Abstract
The analysis of sound signals has wide applications in fields such as speech recognition, music processing, and acoustic research. This article implements time-domain and frequency-domain analysis of sound signals based on Matlab, along with statistical analysis of the signals. By processing a segment of audio signal, this article demonstrates how to extract and analyze the features of sound signals, providing a foundation for subsequent signal processing tasks.
Theory
Sound signals are typical non-stationary signals, whose characteristics change over time. To comprehensively understand the nature of sound signals, it is often necessary to conduct joint analysis in both time and frequency domains. Time-domain analysis includes observing the amplitude of the signal as it varies over time, such as in a waveform; while frequency-domain analysis extracts the frequency components of the signal through Fourier Transform (FFT), displaying its energy distribution at different frequencies. Additionally, statistical analysis of the signal (such as mean, variance, power spectral density, etc.) can further quantify the characteristics of the signal, providing a basis for pattern recognition and feature extraction. This article utilizes Matlab to perform the aforementioned analyses and explores their application prospects.
Experimental Results
This article selects a segment of audio signal and conducts a detailed analysis using Matlab. The experimental steps and results are as follows:
- Time-domain analysis: A waveform of the signal was plotted, visually demonstrating how the amplitude of the sound signal changes over time. By observing the waveform, the main rhythm and transient features of the sound signal can be identified.

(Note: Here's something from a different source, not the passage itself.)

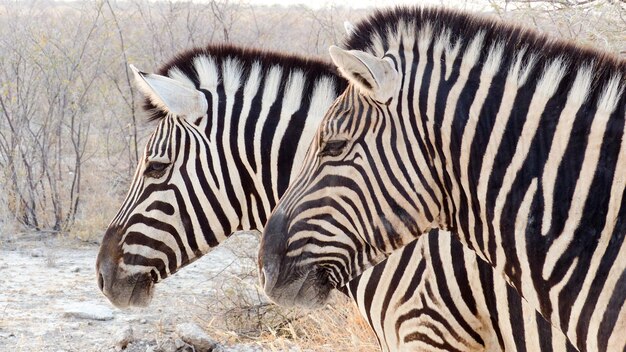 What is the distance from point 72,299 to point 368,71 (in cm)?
581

- Frequency-domain analysis: The sound signal underwent Fast Fourier Transform (FFT), generating a spectrum plot. The results displayed the main frequency components of the signal and their corresponding energy distribution, aiding in the understanding of the pitch and timbre of the sound signal.
- Statistical analysis of the signal: The mean, variance, and power spectral density of the signal were calculated, providing strong support for the classification and recognition of the signal.

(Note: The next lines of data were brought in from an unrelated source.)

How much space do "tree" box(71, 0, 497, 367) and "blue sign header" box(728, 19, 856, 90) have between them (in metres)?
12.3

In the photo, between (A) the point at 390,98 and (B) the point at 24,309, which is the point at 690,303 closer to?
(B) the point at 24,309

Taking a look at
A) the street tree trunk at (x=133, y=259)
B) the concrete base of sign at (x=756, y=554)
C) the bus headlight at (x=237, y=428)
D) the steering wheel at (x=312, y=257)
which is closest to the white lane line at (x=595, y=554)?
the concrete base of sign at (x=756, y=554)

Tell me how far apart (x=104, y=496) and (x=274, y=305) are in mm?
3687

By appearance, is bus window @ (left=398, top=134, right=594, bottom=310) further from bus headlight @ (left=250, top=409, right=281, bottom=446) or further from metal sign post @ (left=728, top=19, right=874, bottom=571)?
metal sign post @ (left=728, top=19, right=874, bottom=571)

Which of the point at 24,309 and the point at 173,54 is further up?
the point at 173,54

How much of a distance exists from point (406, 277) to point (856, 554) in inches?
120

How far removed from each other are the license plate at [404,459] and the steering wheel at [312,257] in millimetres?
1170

Through these analyses, this article demonstrates how to comprehensively perform time, frequency, and statistical analysis of sound signals using Matlab, indicating that this method can effectively extract key features of sound signals.

Sample Code
% Read audio file
audio, fs = audioread('track.wav');
% Time-domain analysis - Plot waveform
t = (0:length(audio)-1)/fs;
figure;
plot(t, audio);
title('Time Domain Waveform of Sound Signal');
xlabel('Time (seconds)');
ylabel('Amplitude');
% Frequency-domain analysis - Calculate and plot spectrum
n = length(audio);
f = (0:n-1)*(fs/n)/1000; % Frequency vector in kHz
audio_fft = abs(fft(audio));
figure;
plot(f, audio_fft);
title('Frequency Spectrum of Sound Signal');
xlabel('Frequency (kHz)');
ylabel('Amplitude');
% Statistical analysis of the signal - Calculate statistics
mean_audio = mean(audio); % Calculate mean
var_audio = var(audio); % Calculate variance
psd_audio = pwelch(audio); % Calculate power spectral density
disp(['Signal Mean: ', num2str(mean_audio)]);
disp(['Signal Variance: ', num2str(var_audio)]);
figure;
plot(10*log10(psd_audio));
title('Power Spectral Density of Sound Signal');
xlabel('Frequency (Hz)');
ylabel('Power/Frequency (dB/Hz)');
References
[1] D. Manolakis, V. Ingle. Applied Digital Signal Processing. Cambridge: Cambridge University Press, 2011.
[2] J. Benesty, M. Sondhi, Y. Huang. Springer Handbook of Speech Processing. Berlin, Springer, 2008.
[3] Хр. Живомиров, Д. Пламенова. Investigation of Some Parameters of Audio Signals. National Conference with M.U. “Acoustics 2012”, October 12, 2012, Varna / Journal of Acoustics, ISSN: 1312-4897, Vol. 14, No. 14, pp. 89-95, 2012.